The result, however, is that cables tend to be laid in bundles. The places they return to land are public and are often also highly concentrated to reduce costs. Security is usually minimal. All of this is perfect for anyone thinking about causing a catastrophic disruption. It may not have been confirmed that an enemy state has cut someone else's cable connections in recent years—these things are hard to prove—but as long as countries believe they are at war, it will.

What is striking with the maps of undersea cables about 1.6 cm long. Mileage in the world is what they mean for relative dependencies. As a major continental power stretching from Europe to the Far East, Russia has only a handful of rather short-haul undersea cable connections. Yet for years it has been developing one of the world's largest surface and underground naval capabilities to approach and track them – or potentially strike and destroy them. Russia has, of course, many fiber-optic cables of its own, but these are located on land.

A smart move is to reduce our vulnerabilities. In the case of submarine cables, this means increasing durability by increasing their number. Enhance security at stations where cables reach land, as well as web-based surveillance programs – and therefore subject to the risk of hacking – used by commercial – private operators. Governments should also develop legal frameworks to push companies to more include "safety" in new cable systems. All of this has been known for years – British Prime Minister Rishi Sunak wrote a paper on the subject in 2017, when he was an ordinary MP.

Cost

Meanwhile, the U.S. should resist the temptation to escalate its battle with the Houthis. The temporary loss of the Suez Canal shipping route until the Gaza war is over is a cost that the global economy can survive on. Targeting mobile rocket launchers has always been a difficult game, unlikely to act as a deterrent to the Houthis, as the attack by the "Great Satan" works positively for them politically. They even claim that, since the start of Western attacks against them, they have been flooded with tens of thousands of recruits.
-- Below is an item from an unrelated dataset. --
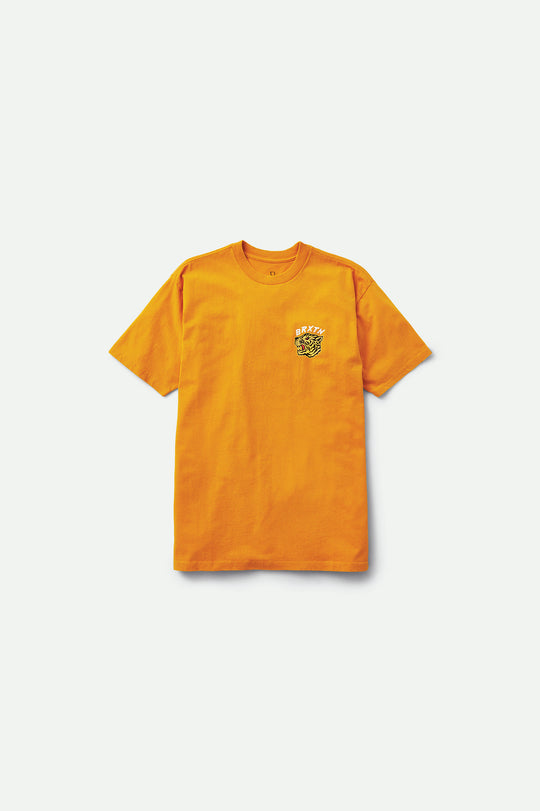 
       Brixton Kit S/S Standard Tee - Golden Glow Worn Wash
     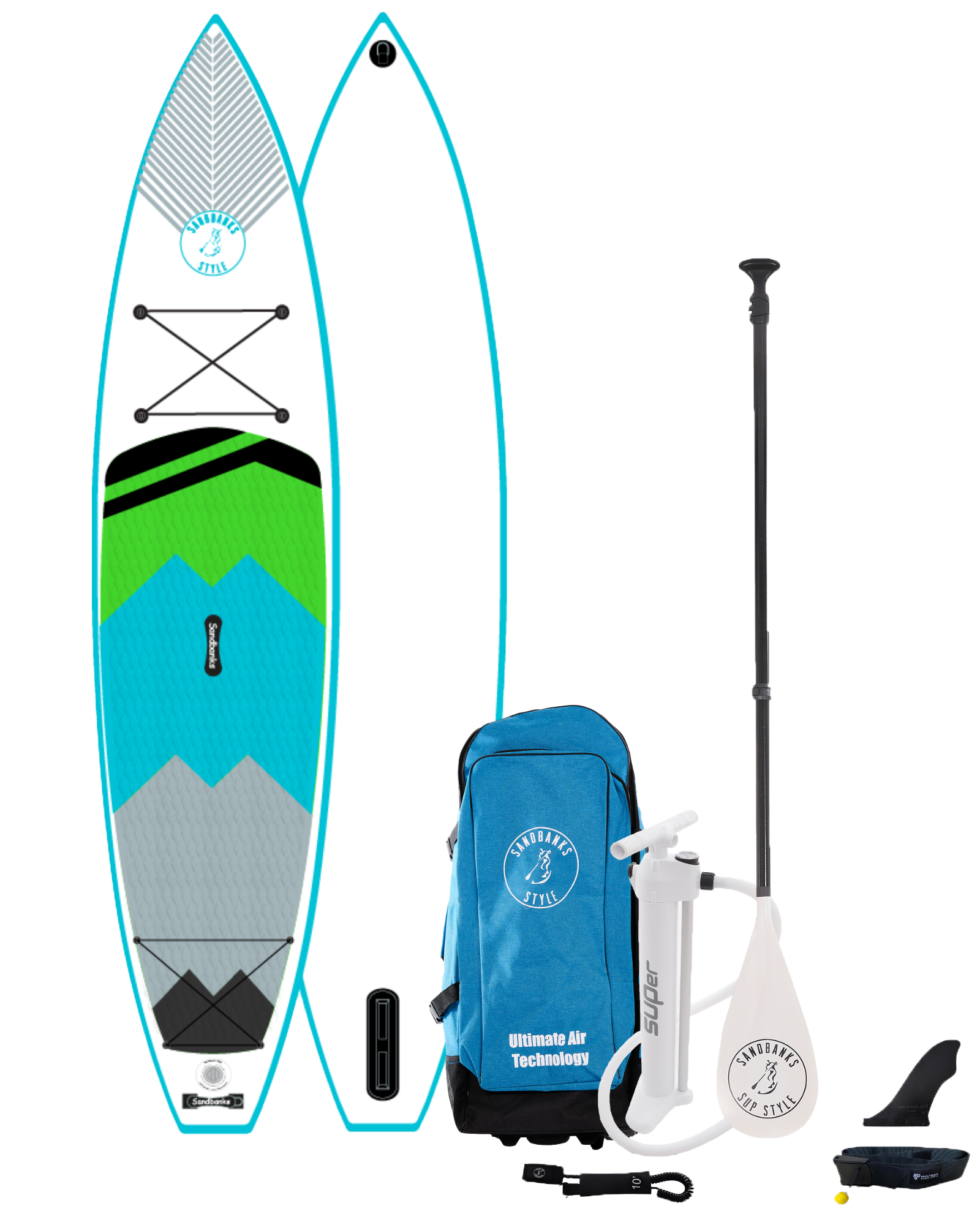 Sport Touring Pro 126 Sup In Blue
To have a real chance of ending the Houthi threat to international shipping — or even cables — the U.S. Navy would have to target Houthi command and control centers in Sanaa and other urban areas, inevitably causing civilian casualties that would only add problems to existing U.S. ones in the Middle East. To achieve credible deterrence would require a full-blown invasion. Neither option would be worth the cost.